Contingency planning will make it easier for businesses to navigate Brexit’s choppy waters. The UK’s 5.5 million small- and medium-sized enterprises (SMEs) will need to be well prepared for any changes. SMEs represent 99 percent of all companies in the UK and provide vital goods and services essential to the smooth running of the country.1
Challenges and Opportunities
Sound finances, especially good cashflow management, will be key to weathering the storm. With uncertainty surrounding the future trading arrangements with the remaining 27 EU countries, a strong cash position will give companies the legroom to respond to any sudden crises.
Under such a scenario, companies may face higher administrative costs as they adapt to new regulations, and more fees as the EU free-trade arrangements come to an end.
Companies that trade goods directly with EU countries may have to begin treating their shipments as imports and exports in the same way they work when trading with non-EU countries. This may lead to more paperwork covering things like customs and excise documentation as well as safety and security.
Fortunately, the impact of another charge that could be imposed under a no deal Brexit, has been cushioned by the government. At the moment, VAT payments on imports from the EU can be deferred while those on shipments from outside the EU must be paid upfront. A no-deal Brexit could require importers to pay immediate VAT on their EU-sourced goods. This could cause problems for small businesses. For that reason, the government has permitted importers to postpone these VAT payments. This has been extended to companies that buy goods from non-EU countries as an incentive to encourage trading ties beyond Europe.
This isn’t expected to be a permanent policy – it’s slated to end when the Brexit transition period ends (which is currently scheduled for 31 December 2020). Plan ahead - use the postponement time to prepare for a time when VAT is charged.

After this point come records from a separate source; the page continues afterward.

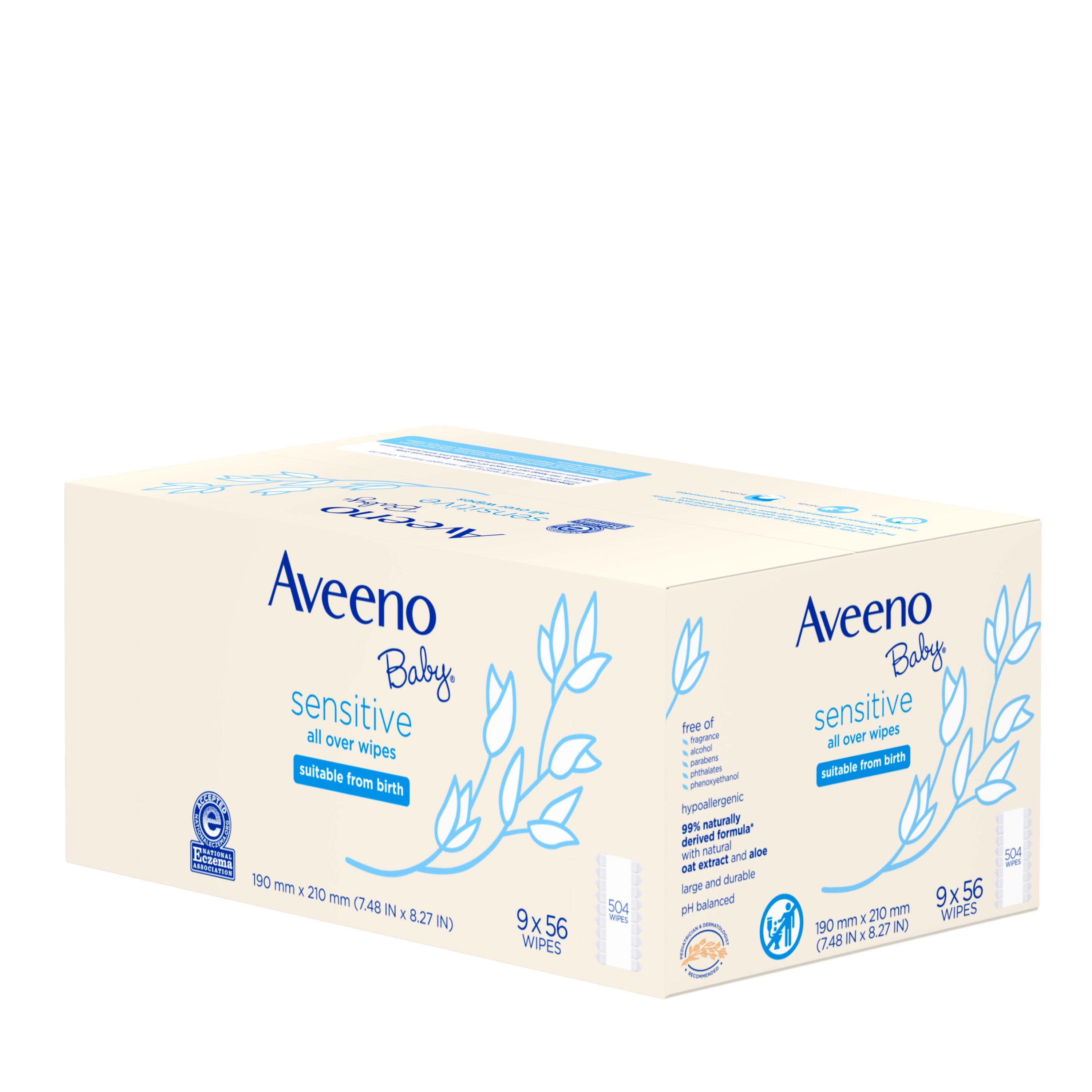 aveeno all over wipes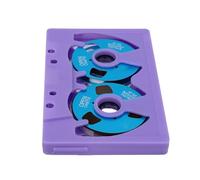 MENDUNER Cinta de Casete en Blanco de 50 Minutos con Polarización Normal Tipo I para Grabación de Música, Regalo Ideal para Aspirantes a Músicos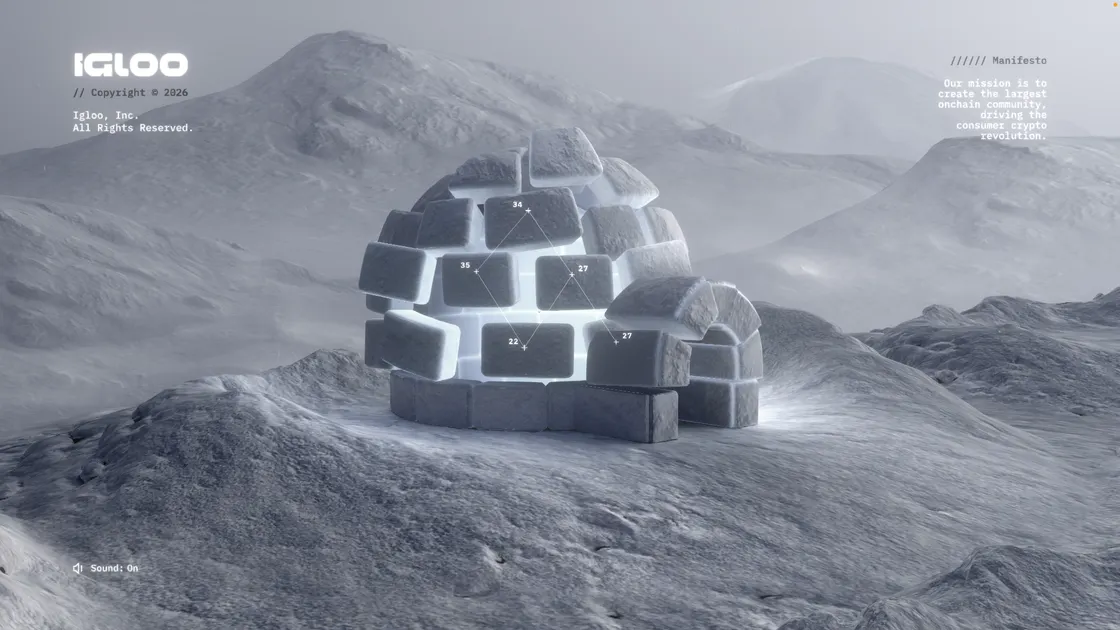 Igloo Inc: Crystal Growth Algorithms, Shader-Driven UI, and Volume Data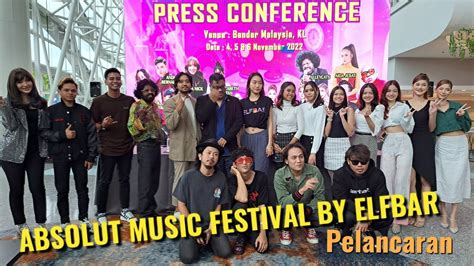 Pelbagai Selebriti Artis Di Pentas Absolut Music Festival By ELFBAR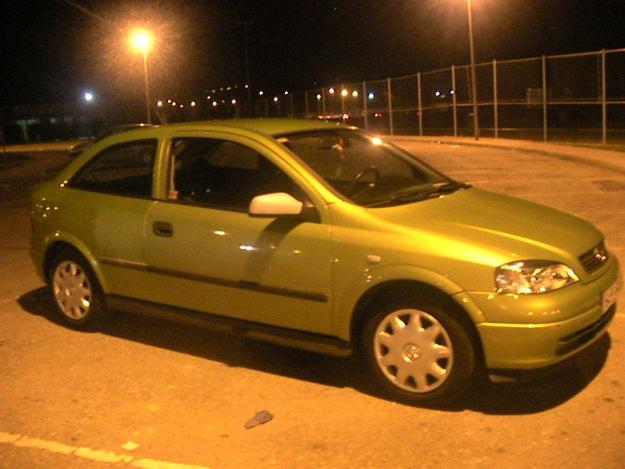 VENDO OPEL ASTRA 1600CC -80CV - AÑO 2001 -150000KM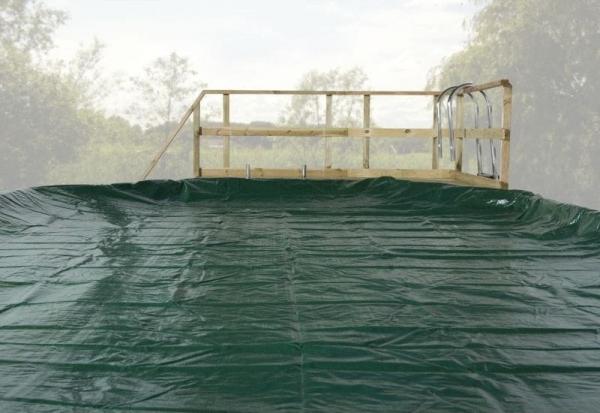 Abdeckplane für Pool 594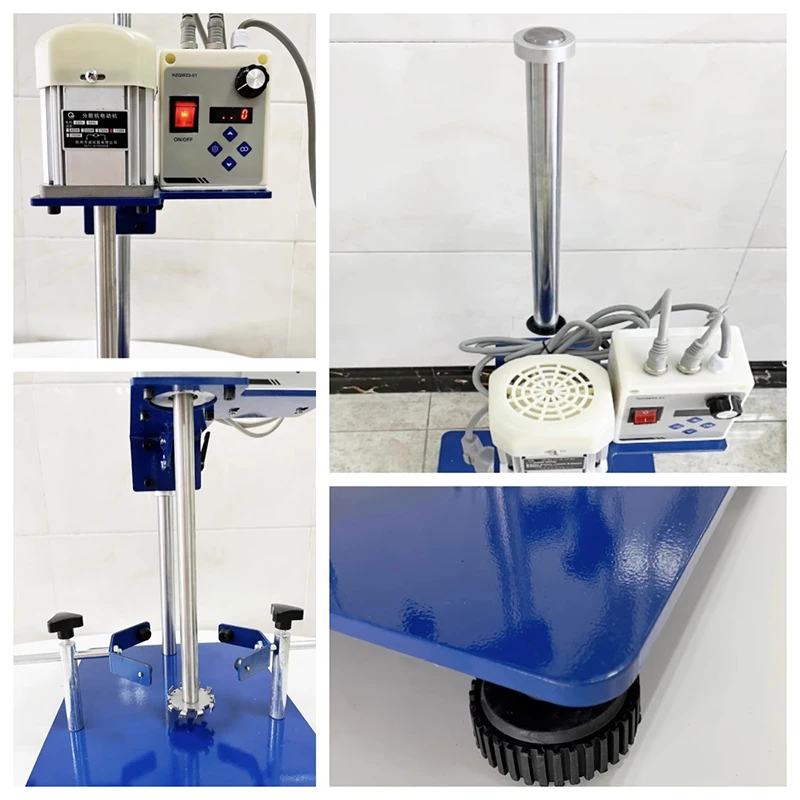 1-8KG Dispersion Machine 1100W Dispersion Machine Servo Motor Dispersion Machine JB-SF550 Paint Ink Coating Servo Motor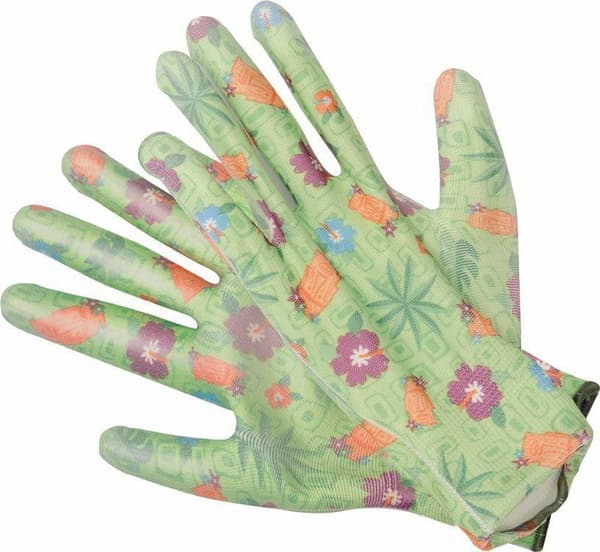 FLO TRÄDGÅRDSHANDSTAR BLOMMOR - GRÖNA 25 CM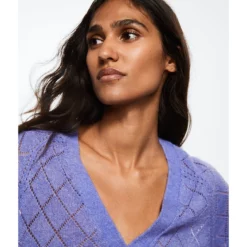 Mango Openwork Knit Cardigan -Mango popular store mango 9370 9522726 4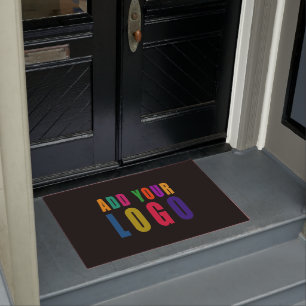 Business Door Mat Company Logo Welcome Doormat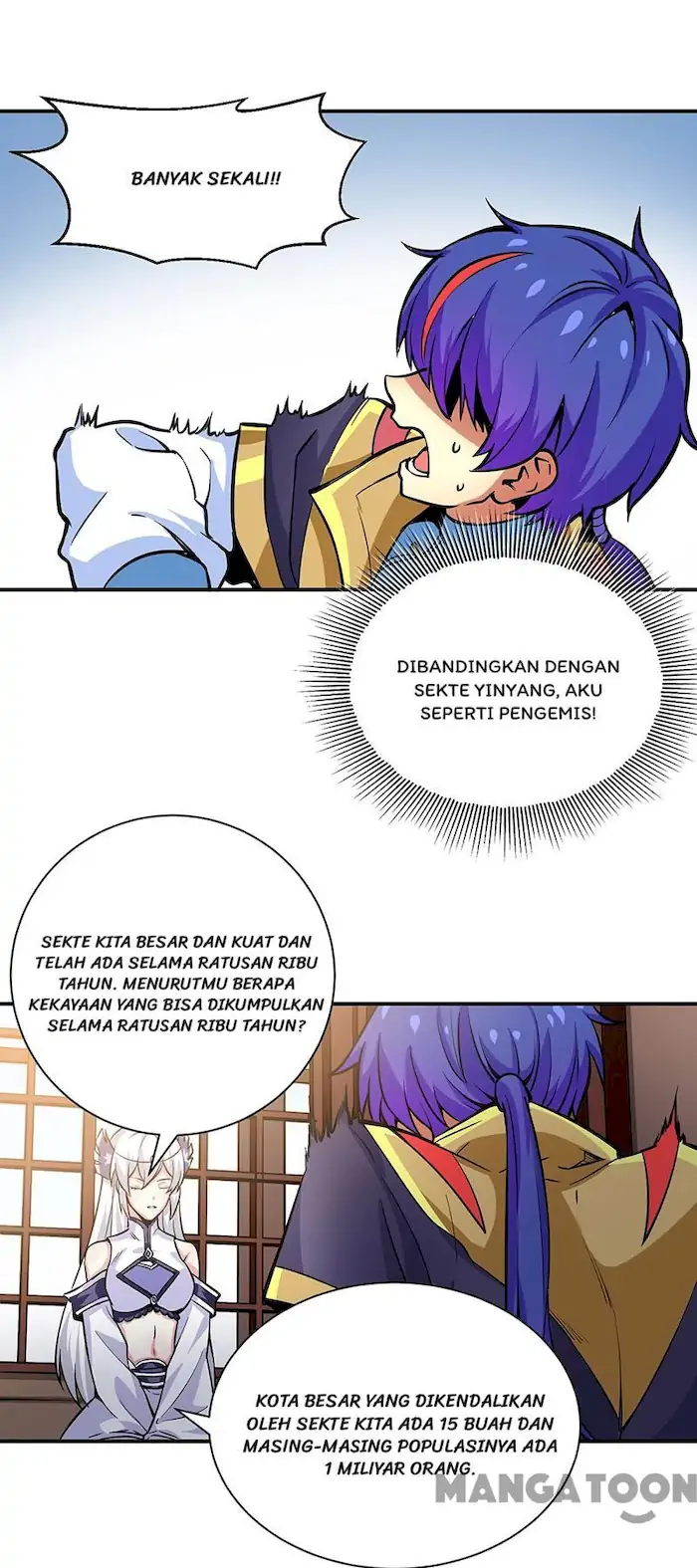 Martial Arts Reigns Chapter 393 Gambar 46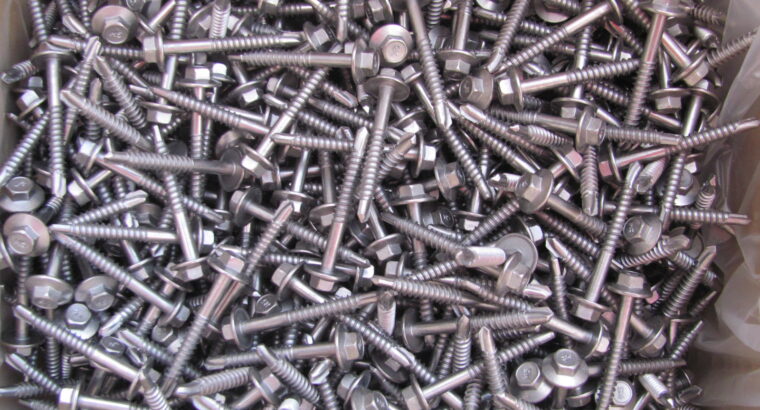 14G X 75Mm T17 Hex Flange Head Timberscrew (300 Pack)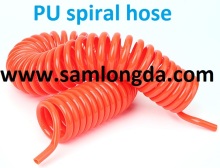 PU Air Coil Tube / PU Spring Tube / PU Tube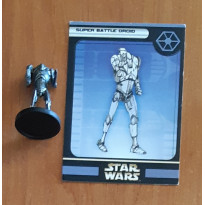 Super Battle Droid (figurine jeu Star Wars Miniatures en VO) 001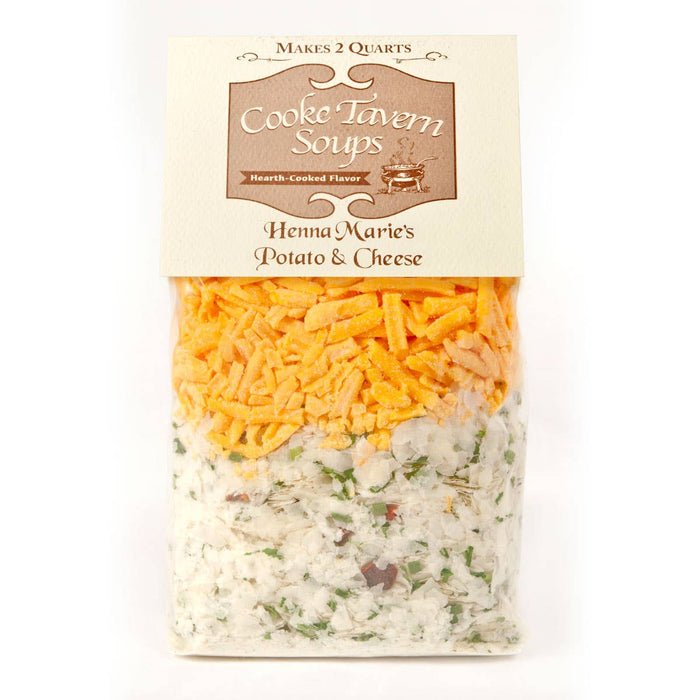 Henna Marie's Potato Cheese Soup- Soup Pack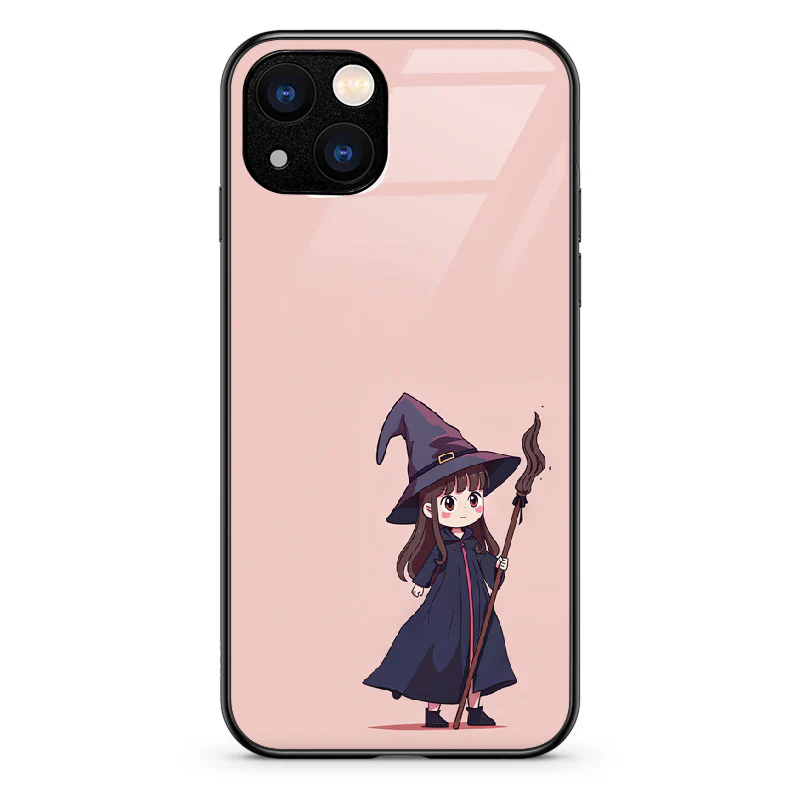 Glass Phone Case Chibi Magician - Image 55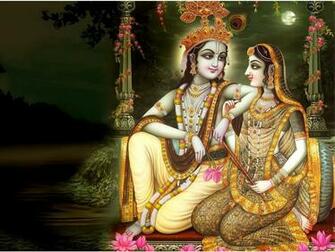 Lord Krishna And Radha Wallpaper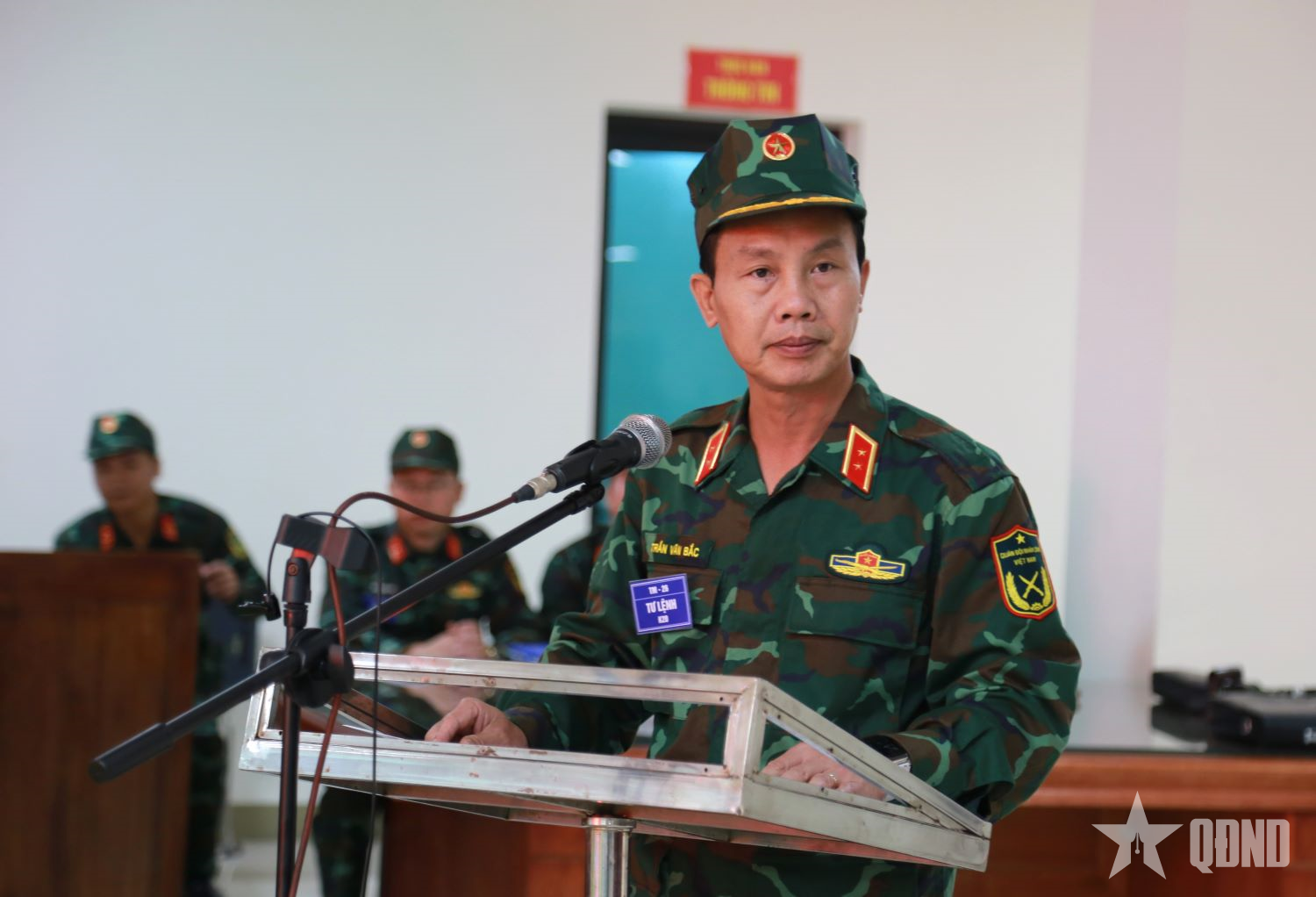 Quân khu 2 tổ chức thành công diễn tập chỉ huy-tham mưu 1 bên, 1 cấp trên bản đồ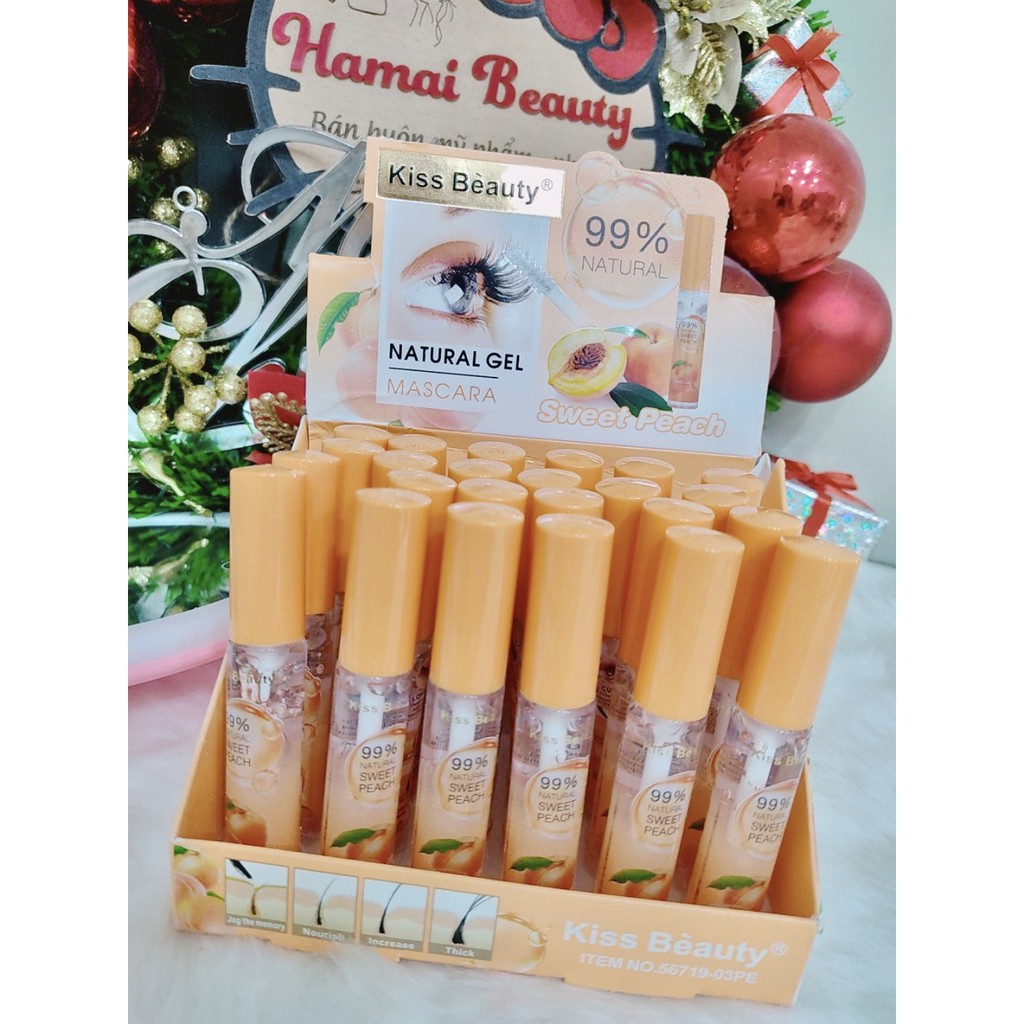 Dưỡng dài mi đào kissbeauty S1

Brexit has already brought some currency volatility, and while two-thirds of companies surveyed by the Federation of Small Businesses said they’re worried that Brexit will hurt their activities, at least a tenth of them see opportunity. For exporters, the drop in the value of the pound since the referendum has provided some optimism, making purchases of UK-made goods overseas much cheaper. Exporting manufacturers are yet to fully capitalise on this, but if the pound remains weak, they’ll be in a better position to sell more products overseas and explore new markets.
On the other side, a weaker pound makes imports more expensive. But even that can offer an opportunity for businesses to find local suppliers.
Business Leaders' Outlook on Brexit
Each year, we partner with Oxford Economics to explore the outlook of SMEs. Globally, Brexit is not a concern for most business with only 22% of UK respondents having reported Brexit disrupting trade as their top external threat to their business. And it doesn't appear to have impacted how UK business leaders are feeling about the global economy with 63% positive about the state of the global economy.2
Sound finances will be key to ensuring small businesses can prosper through Brexit and a key part of that is good cashflow management. Preserving or increasing access to capital will help firms absorb some of the impact.
The Chartered Institute of Credit Management (CICM) offers a 10-point guide to cash management offering advice to businesses to monitor invoicing, payments and budgets to secure what money they do have or is owed. And for companies that don’t have lots of emergency funds, existing credit lines can be extended and new lines opened.
If larger investments are needed, the UK government runs a similar programme to the EIF, the British Business Bank. Additionally, companies can look to private credit providers that manage a growing number of investment funds targeted at small businesses and start-ups.
Export managers can save money by shopping around for more competitive overseas payment services.
2. In October and November 2018, Oxford Economics surveyed senior executives at 3,000 SMEs, ranging in size from 10 to 250 employees across 12 countries and 16 industries. Telephone interviews were used to explore opportunities and threats, business prospects, strategies, investments, and how SMEs could be better supported by changes to regulation, financing, and government support.